Other developers also have had to adjust to the new realities.

“We have all had to retrench and refocus, but that is a healthy exercise,” said Beau Armstrong, CEO of Austin-based Stratus Properties Inc., developer of the W Austin Hotel & Residences under construction downtown. “Real estate is a cyclical business, and we are currently moving through the most difficult part. It’s certainly not as much fun as it was three or four years ago, but you have to learn to take the good with the bad. When it looks the worst, it’s probably the best time to invest.”

Stratus, like Endeavor, has been looking for potential acquisitions. 

Armstrong said Stratus has “evaluated a limited number of new opportunities but, quite frankly, we have not seen the volume of distressed situations that were widely expected by most experts in our business.”

Ellis said that starting last year, there’s been a “major influx” of commercial investors, including private individuals, pension funds and insurance companies, looking for buying opportunities in the local market. The big unknown, he said, is whether there will be “huge bargains.”

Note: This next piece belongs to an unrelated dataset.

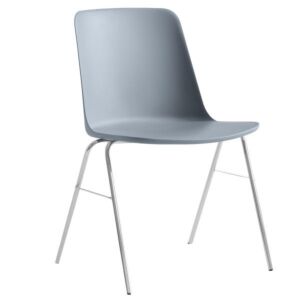 &amp;tradition Rely HW26 stoel chroom onderstel-Licht blauw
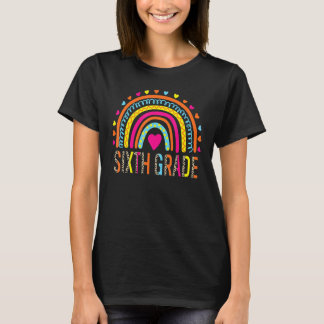 Rainbow Girls Boys Teacher Team 6th Gr T-Shirt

So far that hasn’t been the case, Ellis said, as Central Texas “hasn’t taken as much of a beating” as many other places. It remains to be seen whether the renewed investor interest will push prices up, he said.

There are, however, signs of an emerging upturn. 

In December, Catellus Development Group sold the regional retail portion of its Mueller development in Northeast Austin to Phoenix-based Cole Real Estate Investments. The sale price wasn’t disclosed.

Ellis said that sale marked “the first positive in the investment market we’ve seen in over two years.”

On the development side, predictions vary on how long it might be before demand and the economy pick up. Ellis thinks it could be 12 to 18 months before retail and office demand return; it all depends on job growth.

Tuerff, with Compass, said it could be two or three more years before demand comes back to build new shopping centers. 

Stratus’ Armstrong said that, “considering the dearth of real estate financing, it is likely to be several years before we see any significant new construction. And when we do, it will be conservatively underwritten and heavily pre-leased or pre-sold.”

As for whether and when Endeavor might revisit its Bastrop and other retail projects or set its sights on new ones in Central Texas, Ellis said the firm “will continue to monitor the whole market for any opportunities.”

“But when or if they make sense,” Ellis said, “is still up in the air.”